Conditioned Text Generation with Transfer for Closed-Domain Dialogue Systems
This addresses data scarcity for closed-domain dialogue systems, offering a cost-effective alternative to manual annotation, though it is incremental as it builds on existing generation techniques.
The paper tackles the scarcity of training data for task-oriented dialogue systems by proposing a method using a conditional variational autoencoder for intent-specific text generation and a query transfer protocol to leverage unlabelled data. The result shows improved diversity of generated queries without quality loss and effectiveness as data augmentation for language modeling.

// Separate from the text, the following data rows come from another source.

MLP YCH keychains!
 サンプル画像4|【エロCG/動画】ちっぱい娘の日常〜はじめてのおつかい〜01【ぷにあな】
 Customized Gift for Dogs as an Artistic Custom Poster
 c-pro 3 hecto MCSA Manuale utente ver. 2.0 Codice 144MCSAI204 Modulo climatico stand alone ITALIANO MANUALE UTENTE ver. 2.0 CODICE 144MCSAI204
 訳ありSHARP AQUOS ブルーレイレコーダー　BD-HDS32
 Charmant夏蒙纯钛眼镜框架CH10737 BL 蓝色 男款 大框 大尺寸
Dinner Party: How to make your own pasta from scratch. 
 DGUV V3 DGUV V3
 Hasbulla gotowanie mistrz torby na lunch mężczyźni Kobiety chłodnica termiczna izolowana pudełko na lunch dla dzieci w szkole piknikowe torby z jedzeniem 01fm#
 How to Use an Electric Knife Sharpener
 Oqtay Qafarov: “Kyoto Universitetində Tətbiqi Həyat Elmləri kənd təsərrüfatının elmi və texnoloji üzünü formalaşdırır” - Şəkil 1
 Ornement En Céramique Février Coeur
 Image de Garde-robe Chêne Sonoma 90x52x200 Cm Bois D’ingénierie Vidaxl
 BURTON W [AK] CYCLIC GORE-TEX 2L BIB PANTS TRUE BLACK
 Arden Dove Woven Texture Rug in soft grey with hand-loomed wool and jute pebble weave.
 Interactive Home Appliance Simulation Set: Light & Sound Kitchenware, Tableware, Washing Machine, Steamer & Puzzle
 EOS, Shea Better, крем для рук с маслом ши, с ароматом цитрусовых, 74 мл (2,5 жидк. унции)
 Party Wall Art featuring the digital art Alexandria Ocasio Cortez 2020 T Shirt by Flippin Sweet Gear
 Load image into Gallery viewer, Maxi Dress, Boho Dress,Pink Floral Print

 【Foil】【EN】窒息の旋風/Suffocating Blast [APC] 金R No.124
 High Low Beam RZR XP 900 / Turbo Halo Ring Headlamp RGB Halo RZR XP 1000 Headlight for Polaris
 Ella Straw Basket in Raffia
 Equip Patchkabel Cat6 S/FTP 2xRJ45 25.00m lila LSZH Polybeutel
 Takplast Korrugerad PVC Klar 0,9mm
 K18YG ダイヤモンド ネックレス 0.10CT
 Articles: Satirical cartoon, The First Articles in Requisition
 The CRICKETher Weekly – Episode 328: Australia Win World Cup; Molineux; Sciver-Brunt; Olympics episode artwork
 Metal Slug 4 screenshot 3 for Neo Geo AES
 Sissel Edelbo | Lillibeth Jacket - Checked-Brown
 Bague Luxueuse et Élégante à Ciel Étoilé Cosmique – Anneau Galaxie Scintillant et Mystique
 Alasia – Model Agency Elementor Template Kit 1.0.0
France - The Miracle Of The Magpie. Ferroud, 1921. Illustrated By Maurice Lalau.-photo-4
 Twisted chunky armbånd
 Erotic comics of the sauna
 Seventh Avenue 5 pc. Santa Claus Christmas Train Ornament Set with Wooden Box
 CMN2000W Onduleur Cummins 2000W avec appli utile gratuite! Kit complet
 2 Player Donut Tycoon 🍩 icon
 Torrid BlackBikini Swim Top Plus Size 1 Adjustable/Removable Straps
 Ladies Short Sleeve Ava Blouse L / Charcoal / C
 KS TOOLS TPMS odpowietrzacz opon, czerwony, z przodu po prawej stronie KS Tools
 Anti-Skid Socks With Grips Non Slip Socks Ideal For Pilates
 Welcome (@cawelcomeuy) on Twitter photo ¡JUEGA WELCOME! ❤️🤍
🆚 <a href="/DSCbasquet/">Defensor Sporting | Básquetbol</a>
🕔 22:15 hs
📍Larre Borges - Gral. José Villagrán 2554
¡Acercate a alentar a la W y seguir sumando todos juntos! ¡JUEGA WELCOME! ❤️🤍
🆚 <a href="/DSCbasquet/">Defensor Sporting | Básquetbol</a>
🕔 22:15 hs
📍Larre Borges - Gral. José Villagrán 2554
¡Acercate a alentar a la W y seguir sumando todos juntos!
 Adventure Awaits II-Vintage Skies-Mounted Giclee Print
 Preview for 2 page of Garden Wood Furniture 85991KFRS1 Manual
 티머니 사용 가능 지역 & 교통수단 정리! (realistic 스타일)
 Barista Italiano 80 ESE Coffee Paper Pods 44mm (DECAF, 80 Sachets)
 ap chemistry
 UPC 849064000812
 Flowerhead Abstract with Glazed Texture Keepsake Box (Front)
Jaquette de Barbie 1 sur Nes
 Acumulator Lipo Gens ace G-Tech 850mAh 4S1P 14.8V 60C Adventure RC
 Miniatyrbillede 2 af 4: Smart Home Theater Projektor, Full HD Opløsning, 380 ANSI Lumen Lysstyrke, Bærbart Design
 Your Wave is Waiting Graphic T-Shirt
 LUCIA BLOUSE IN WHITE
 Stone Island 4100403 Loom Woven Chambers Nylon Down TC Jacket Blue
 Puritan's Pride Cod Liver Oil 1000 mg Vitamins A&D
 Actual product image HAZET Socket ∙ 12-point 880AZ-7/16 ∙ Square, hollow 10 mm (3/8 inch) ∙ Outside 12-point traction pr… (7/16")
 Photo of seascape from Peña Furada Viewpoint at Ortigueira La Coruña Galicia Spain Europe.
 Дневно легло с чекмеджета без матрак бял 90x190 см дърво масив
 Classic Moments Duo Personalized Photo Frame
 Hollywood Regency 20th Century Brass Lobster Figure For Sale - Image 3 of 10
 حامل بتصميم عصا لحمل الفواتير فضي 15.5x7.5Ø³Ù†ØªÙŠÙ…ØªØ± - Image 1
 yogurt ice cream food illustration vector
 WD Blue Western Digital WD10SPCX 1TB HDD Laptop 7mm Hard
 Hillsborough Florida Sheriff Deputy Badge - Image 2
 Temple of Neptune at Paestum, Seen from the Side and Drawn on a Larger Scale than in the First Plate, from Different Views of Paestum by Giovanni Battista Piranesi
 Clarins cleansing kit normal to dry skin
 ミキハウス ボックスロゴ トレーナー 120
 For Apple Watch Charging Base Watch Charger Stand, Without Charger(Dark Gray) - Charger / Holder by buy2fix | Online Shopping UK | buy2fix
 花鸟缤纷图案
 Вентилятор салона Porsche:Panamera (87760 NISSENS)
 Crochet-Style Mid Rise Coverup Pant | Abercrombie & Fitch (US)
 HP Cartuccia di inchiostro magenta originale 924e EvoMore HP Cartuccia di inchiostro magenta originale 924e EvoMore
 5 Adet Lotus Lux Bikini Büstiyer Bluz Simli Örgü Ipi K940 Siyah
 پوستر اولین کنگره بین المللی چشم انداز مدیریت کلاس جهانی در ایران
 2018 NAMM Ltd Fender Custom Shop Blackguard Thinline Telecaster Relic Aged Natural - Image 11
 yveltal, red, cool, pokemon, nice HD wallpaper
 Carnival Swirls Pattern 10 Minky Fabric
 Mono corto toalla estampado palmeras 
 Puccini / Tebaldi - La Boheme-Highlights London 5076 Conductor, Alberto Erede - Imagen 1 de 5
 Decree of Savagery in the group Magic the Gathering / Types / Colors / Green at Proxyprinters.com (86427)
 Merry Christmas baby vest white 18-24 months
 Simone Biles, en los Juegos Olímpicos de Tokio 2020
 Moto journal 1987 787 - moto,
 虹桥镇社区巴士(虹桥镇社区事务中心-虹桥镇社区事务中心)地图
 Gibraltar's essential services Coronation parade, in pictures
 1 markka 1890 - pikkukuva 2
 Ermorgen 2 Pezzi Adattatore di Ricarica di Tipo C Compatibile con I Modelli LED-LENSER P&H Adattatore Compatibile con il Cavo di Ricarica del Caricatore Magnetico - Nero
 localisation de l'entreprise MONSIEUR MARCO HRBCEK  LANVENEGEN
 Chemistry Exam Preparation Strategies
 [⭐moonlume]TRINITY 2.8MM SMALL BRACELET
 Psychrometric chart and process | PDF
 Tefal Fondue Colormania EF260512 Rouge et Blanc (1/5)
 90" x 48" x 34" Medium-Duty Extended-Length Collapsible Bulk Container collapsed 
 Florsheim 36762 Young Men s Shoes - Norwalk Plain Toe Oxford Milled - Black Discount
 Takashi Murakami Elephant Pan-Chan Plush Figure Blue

Scarcity of training data for task-oriented dialogue systems is a well known problem that is usually tackled with costly and time-consuming manual data annotation. An alternative solution is to rely on automatic text generation which, although less accurate than human supervision, has the advantage of being cheap and fast. Our contribution is twofold. First we show how to optimally train and control the generation of intent-specific sentences using a conditional variational autoencoder. Then we introduce a new protocol called query transfer that allows to leverage a large unlabelled dataset, possibly containing irrelevant queries, to extract relevant information. Comparison with two different baselines shows that this method, in the appropriate regime, consistently improves the diversity of the generated queries without compromising their quality. We also demonstrate the effectiveness of our generation method as a data augmentation technique for language modelling tasks.